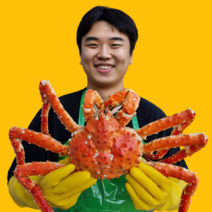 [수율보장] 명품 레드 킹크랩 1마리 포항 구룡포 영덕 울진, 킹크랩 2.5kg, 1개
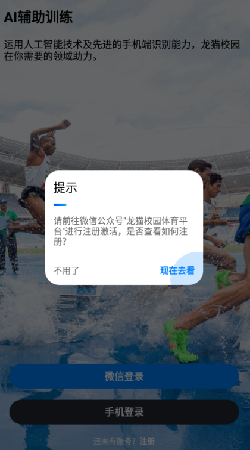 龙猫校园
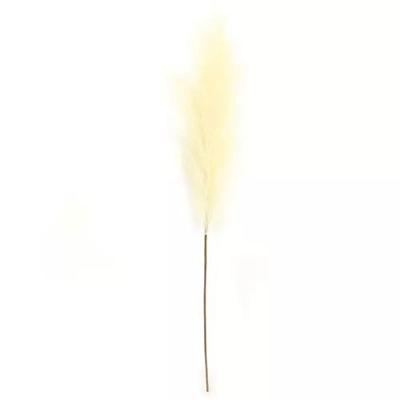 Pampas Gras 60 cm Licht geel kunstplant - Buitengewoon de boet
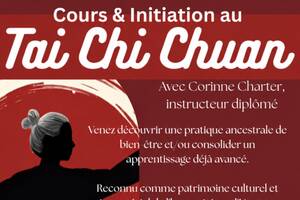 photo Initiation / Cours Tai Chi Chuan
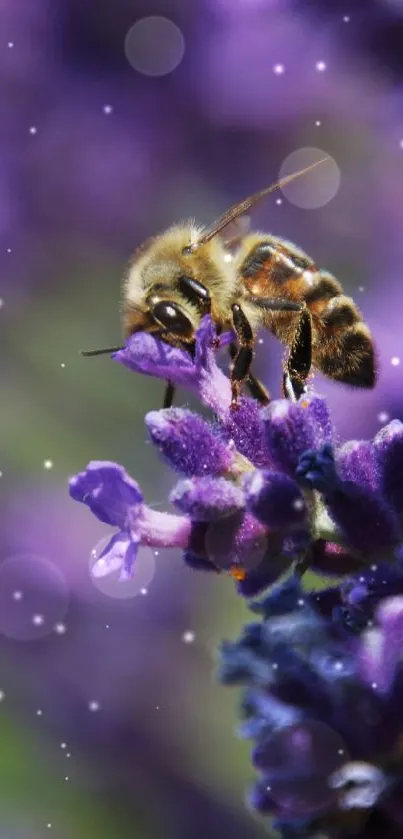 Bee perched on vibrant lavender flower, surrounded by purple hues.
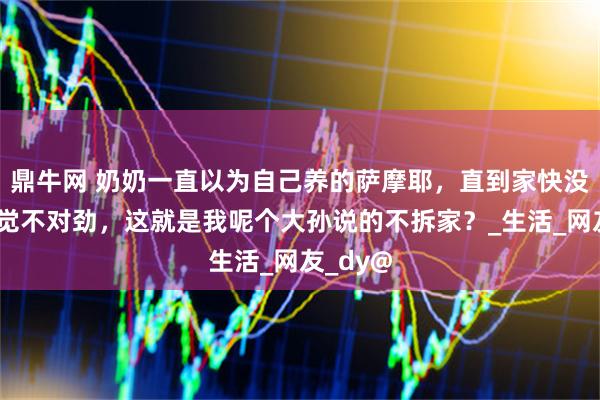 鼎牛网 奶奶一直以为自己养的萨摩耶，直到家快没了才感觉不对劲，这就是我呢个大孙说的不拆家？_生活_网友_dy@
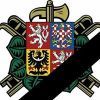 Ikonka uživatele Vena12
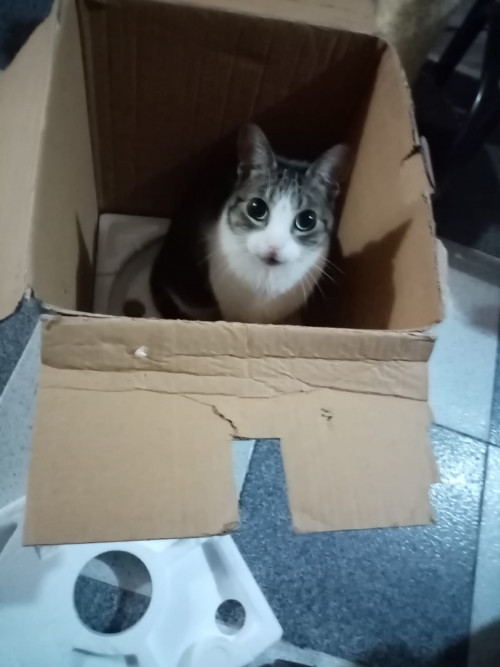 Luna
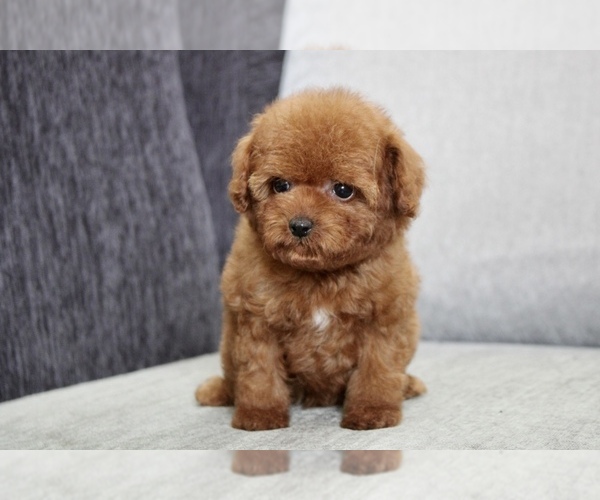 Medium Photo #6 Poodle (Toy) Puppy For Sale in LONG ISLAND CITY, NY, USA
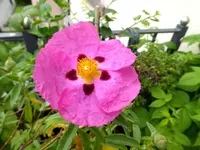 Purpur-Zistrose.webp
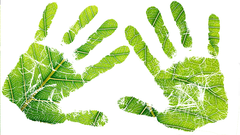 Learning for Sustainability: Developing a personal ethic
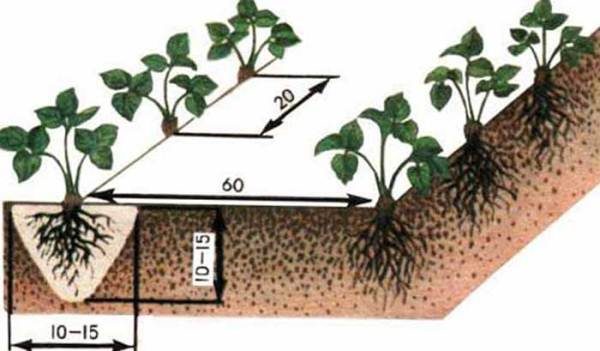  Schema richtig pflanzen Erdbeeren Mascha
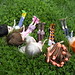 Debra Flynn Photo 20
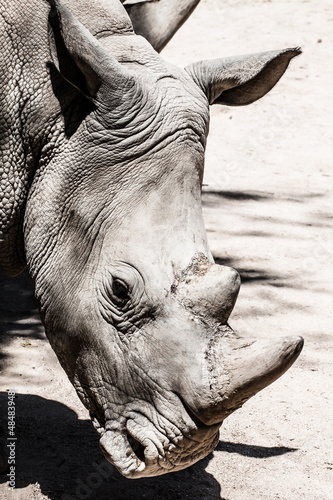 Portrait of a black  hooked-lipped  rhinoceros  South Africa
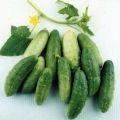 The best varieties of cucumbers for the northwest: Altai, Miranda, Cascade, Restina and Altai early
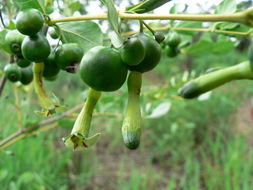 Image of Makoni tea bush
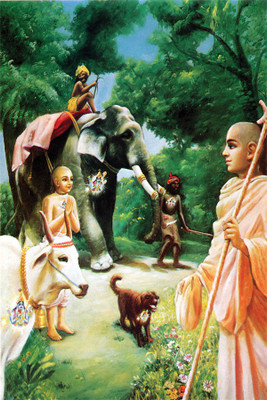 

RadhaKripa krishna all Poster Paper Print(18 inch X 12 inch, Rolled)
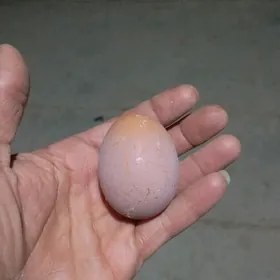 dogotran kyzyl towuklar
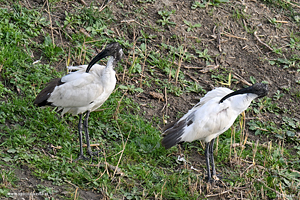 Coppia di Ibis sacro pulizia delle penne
* * * * * * *
[Aim of the exercise] Look above for the line with "Medium Photo #6" and the line with "RadhaKripa krishna all". Output those two and everything between them exactly, pictures excluded.

[Output of the exercise]
 Medium Photo #6 Poodle (Toy) Puppy For Sale in LONG ISLAND CITY, NY, USA
 Purpur-Zistrose.webp
 Learning for Sustainability: Developing a personal ethic
  Schema richtig pflanzen Erdbeeren Mascha
 Debra Flynn Photo 20
 Portrait of a black  hooked-lipped  rhinoceros  South Africa
 The best varieties of cucumbers for the northwest: Altai, Miranda, Cascade, Restina and Altai early
 Image of Makoni tea bush

RadhaKripa krishna all Poster Paper Print(18 inch X 12 inch, Rolled)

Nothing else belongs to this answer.